Random chip structures to reduce manufacturing cost

New technique replaces transistors with wires made from gold atoms and organic molecules

BOSTON - A new chip-making technique developed by researchers at three U.S. universities could help lower the cost of future chips by replacing transistors with wires made from gold atoms and organic molecules that connect randomly placed structures, the team announced Monday.

The team created working microelectronic systems called nanocells by submersing a silicon chip with disordered gold deposits into a solution of organic molecules and applying an electric current to the solution. This creates numerous nanowires between the gold deposits that can carry signals between the structures, said James Tour, an organic chemist with Rice University, based in Houston.

Most chips are built with millions of transistors that perform the essential logic tasks required to execute computer instructions. Chip designers must know exactly where to place each transistor on a chip, and program the function of that transistor prior to the manufacturing process, Tour said.

The precise placement and alignment of these transistors is an expensive and complicated process that requires billions of dollars for manufacturing equipment and facilities, Tour said. The team has developed a way to use these self-assembling structures to perform logic tasks without the need for as many transistors, which could eliminate a great deal of the complexity and cost from chip manufacturing, he said.
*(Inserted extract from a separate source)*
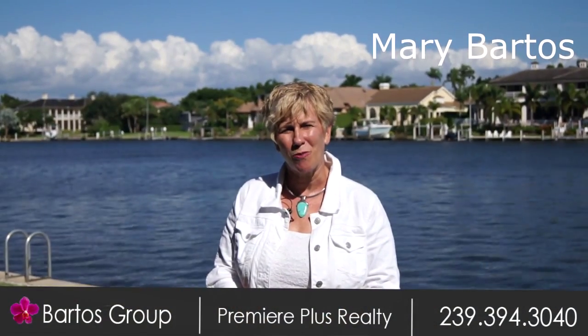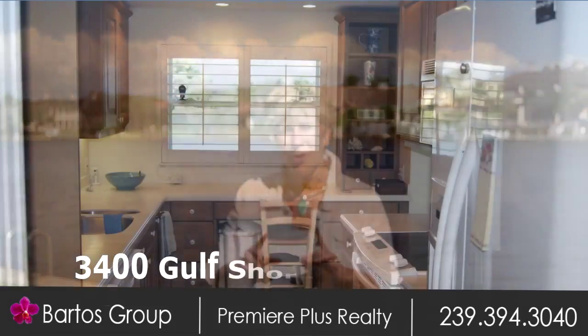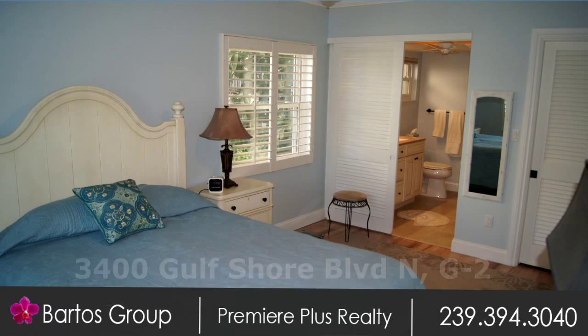Hi, I'm Mary Bartos with the Bartos Group of Premier Plus Realty and today I'm going to give you a sneak peek into our newest listing, 3400 Gulf Shore Boulevard, Unit G2 in the Harborside Gardens.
Most chip designers want to know exactly where every structure on a chip is placed, but as chip companies develop smaller and smaller transistors, it will become impractical to keep track of all those structures, Tour said. The team's technology can scale down to the extremely small sizes on the road maps of major chip manufacturers, he said.
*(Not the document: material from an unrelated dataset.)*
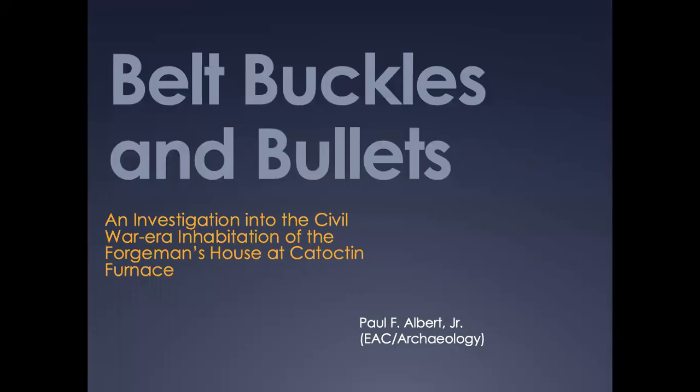Belt Buckles and Bullets: an investigation into the Civil War era and habitation of the Forgeman's House at Catoctin Furnace.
The nanocells are allowed to randomly develop connections between structures and are then trained to act as logic or memory chips after they are assembled, Tour said. Chips for basic electronic devices might only need a few hours of programming, while chips for supercomputers might require a couple of weeks to set in order, he said.

Much like neural pathways in the brain, the nanowires are trained to handle certain tasks through repetition, Tour said. The chip's complexity is created by this postmanufacture process, rather than by the costly process of assigning each transistor a task before the chip is built, he said.

The team's prototype nanocell was used to make a nonvolatile memory chip, which can store information for an extended period of time without an electronic refresh, unlike RAM chips found in PCs, which need to be refreshed thousands of times a second. Examples of nonvolatile memory include flash memory chips used in cell phones and personal digital assistants.

Researchers were able to develop nanocells that held their memory state for about nine days at room temperature, Tour said.

The researchers have also shown how to use the nanocell as a logic gate. Transistor gates on current processors are very small, but the use of molecular components could shrink gate sizes beyond what CMOS (contemporary metal-oxide semiconductor) manufacturing techniques are thought to be capable of developing.

This technique wouldn't replace transistors entirely, but would rather supplement them, Tour said. For instance, the work previously done by five transistors could be done by a series of these nanowires, with a single transistor used to amplify that output, he said.

Products made with this technology are at least a decade away, Tour said.

The research will appear in the Oct. 29 issue of the Journal of American Chemical Society, and was sponsored by the Defense Advanced Research Projects Agency (DARPA), the U.S. Office of Naval Research and Molecular Electronics Corp. Researchers from Rice, Pennsylvania State University and North Carolina State University participated in the project.